● **What to produce**: Only the text of the records belongs in the answer, copied exactly, with every picture omitted.
[Records for this task]
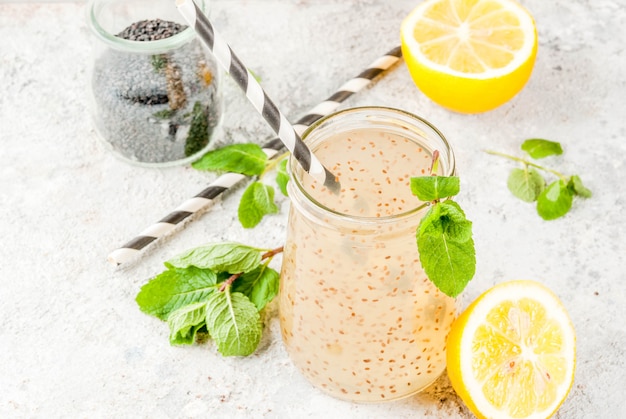 Bevanda energetica naturale, chia fresca, acqua infusa o limonata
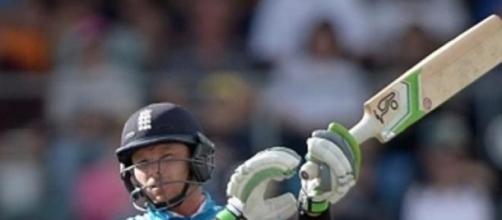  Ian Bell helped England to victory in Canberra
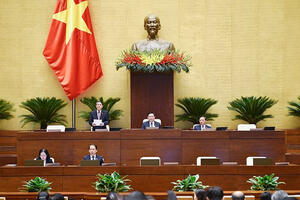 Tăng lương cơ sở cho cán bộ, công chức, viên chức lên mức 1,8 triệu đồng/tháng từ ngày 1/7/2023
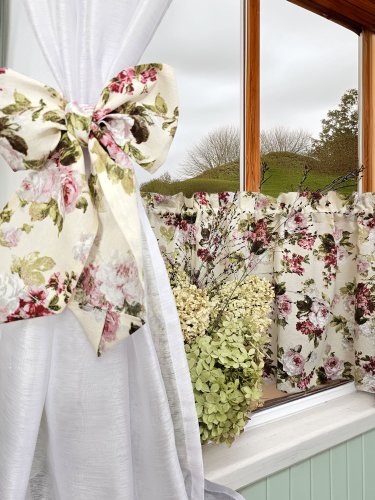 ZAKOSTYL ZASŁONY + ZAZDROSTKA ROSES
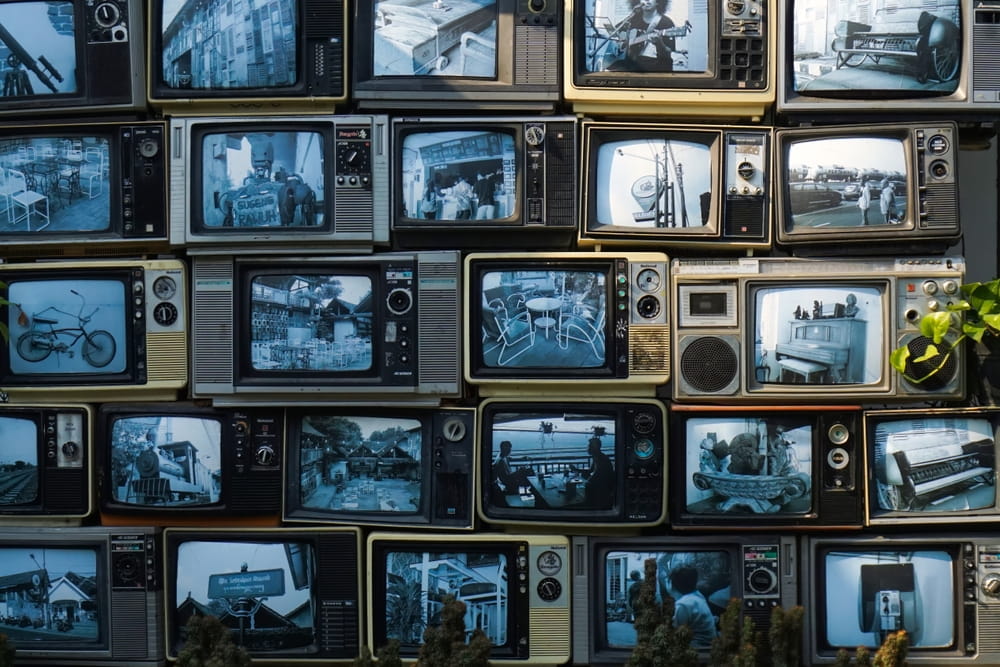 誰にも気づかれずに「60秒」を盗んだペルーの放送局。その使い道とは？ | 世界のソーシャルグッドなアイデアマガジン | IDEAS FOR GOOD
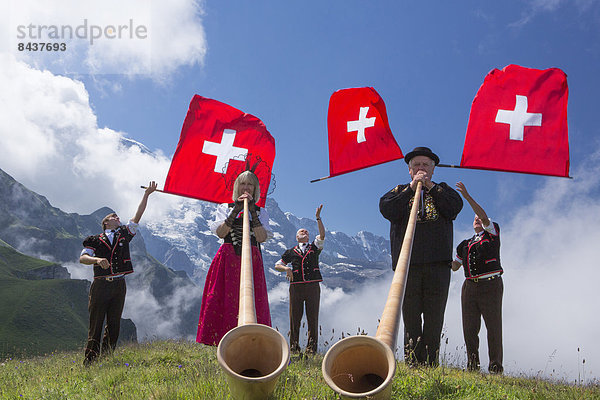 Schweizer Flagge Schweizer Flaggen Fest festlich Tradition Fahne Berner Alpen Folklore schweizerisch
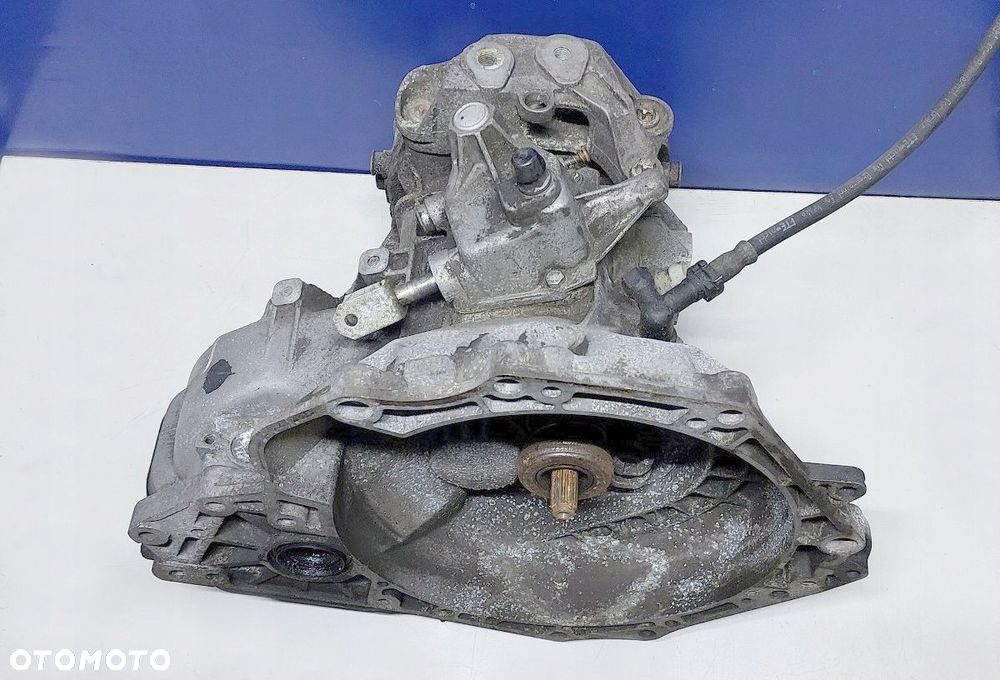 skrzynia biegów opel corsa c 1.2 03r f13 c394 - 4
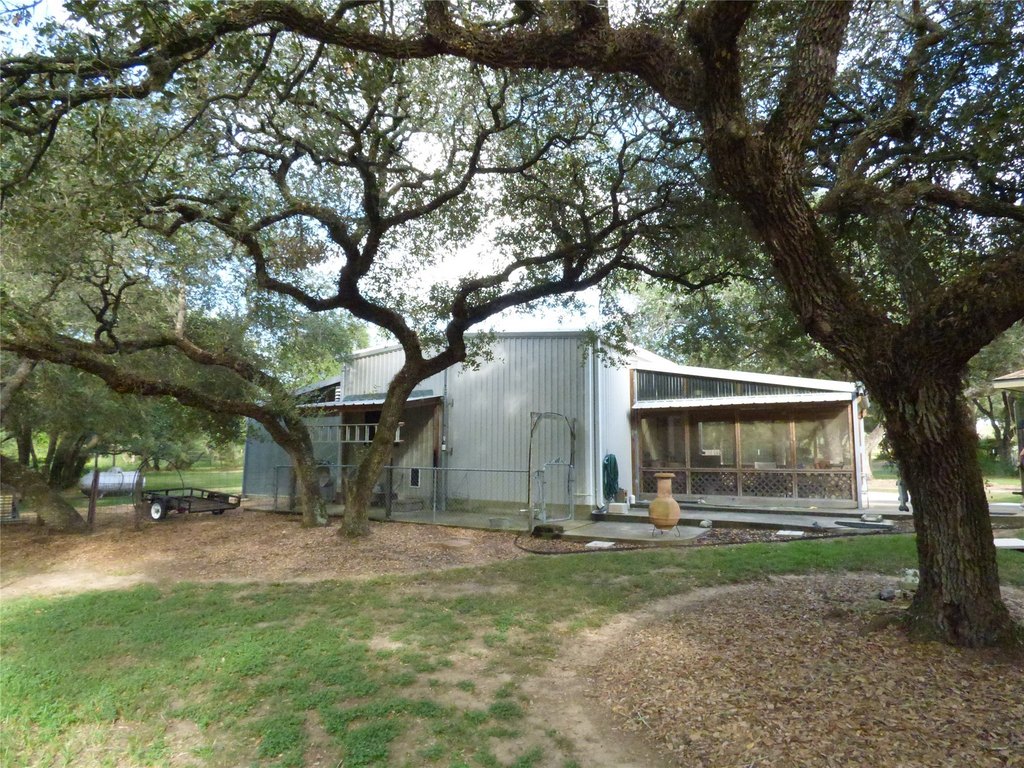 Listing photo 17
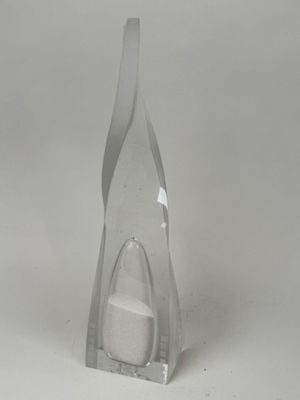 un vase en verre transparent contenant une bougie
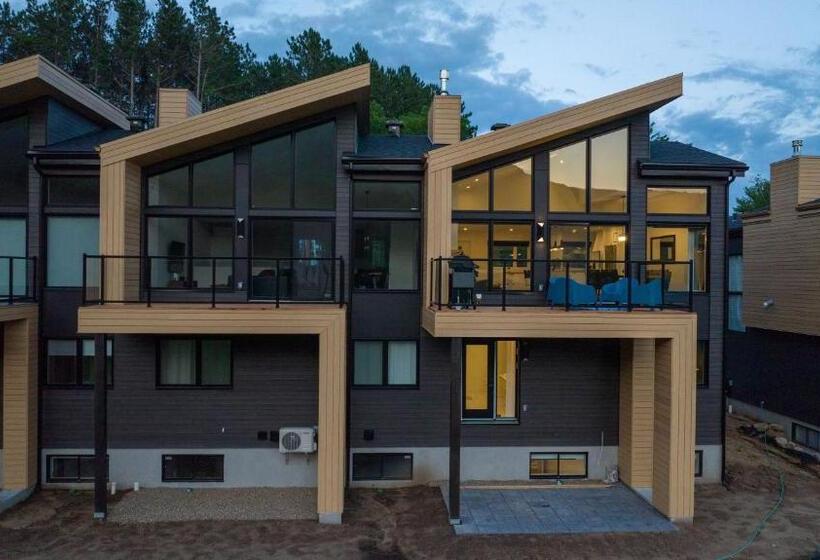 ホテル Hebergement Montsteanne Condos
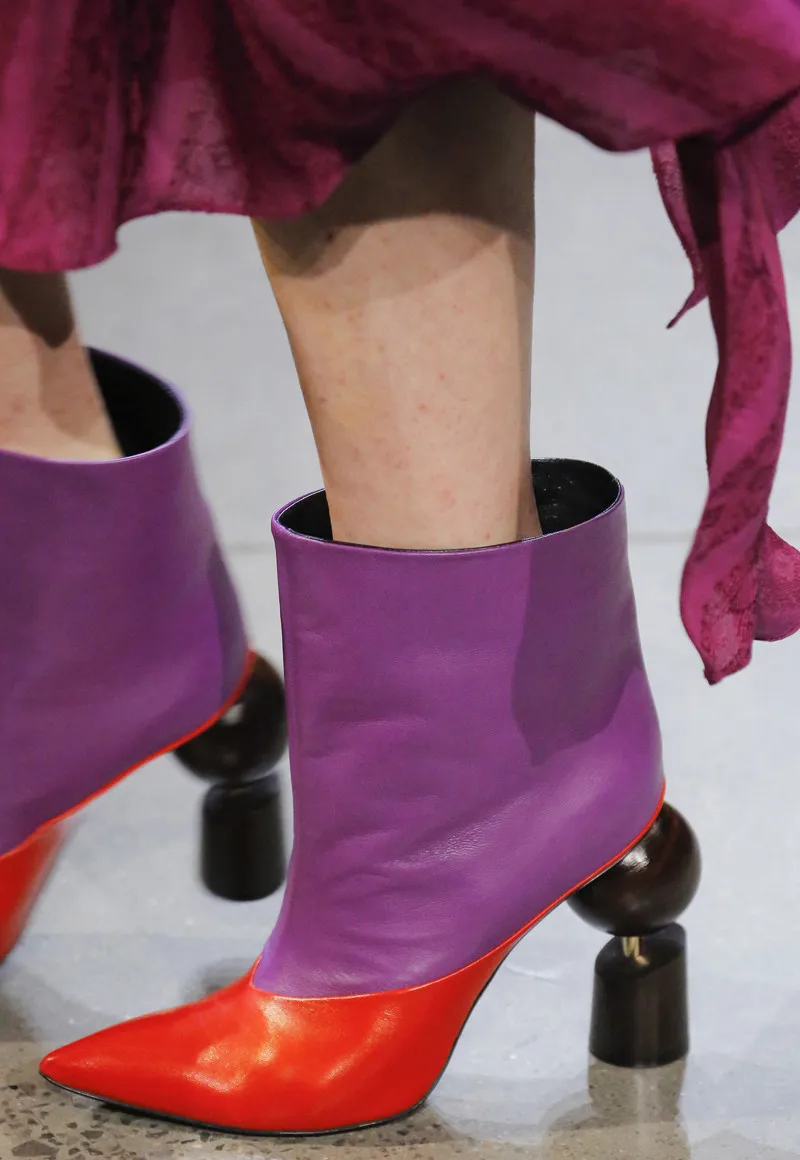 Женские кожаные полусапожки золотистого цвета; пикантные женские зимние ботинки «Челси» с острым носком; белые ботильоны; женская обувь на необычном высоком каблуке - Цвет: Фиолетовый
[/Records for this task]
● **Output of the task**:
 Bevanda energetica naturale, chia fresca, acqua infusa o limonata
  Ian Bell helped England to victory in Canberra
 Tăng lương cơ sở cho cán bộ, công chức, viên chức lên mức 1,8 triệu đồng/tháng từ ngày 1/7/2023
 ZAKOSTYL ZASŁONY + ZAZDROSTKA ROSES
 誰にも気づかれずに「60秒」を盗んだペルーの放送局。その使い道とは？ | 世界のソーシャルグッドなアイデアマガジン | IDEAS FOR GOOD
 Schweizer Flagge Schweizer Flaggen Fest festlich Tradition Fahne Berner Alpen Folklore schweizerisch
 skrzynia biegów opel corsa c 1.2 03r f13 c394 - 4
 Listing photo 17
 un vase en verre transparent contenant une bougie
 ホテル Hebergement Montsteanne Condos
 Женские кожаные полусапожки золотистого цвета; пикантные женские зимние ботинки «Челси» с острым носком; белые ботильоны; женская обувь на необычном высоком каблуке - Цвет: Фиолетовый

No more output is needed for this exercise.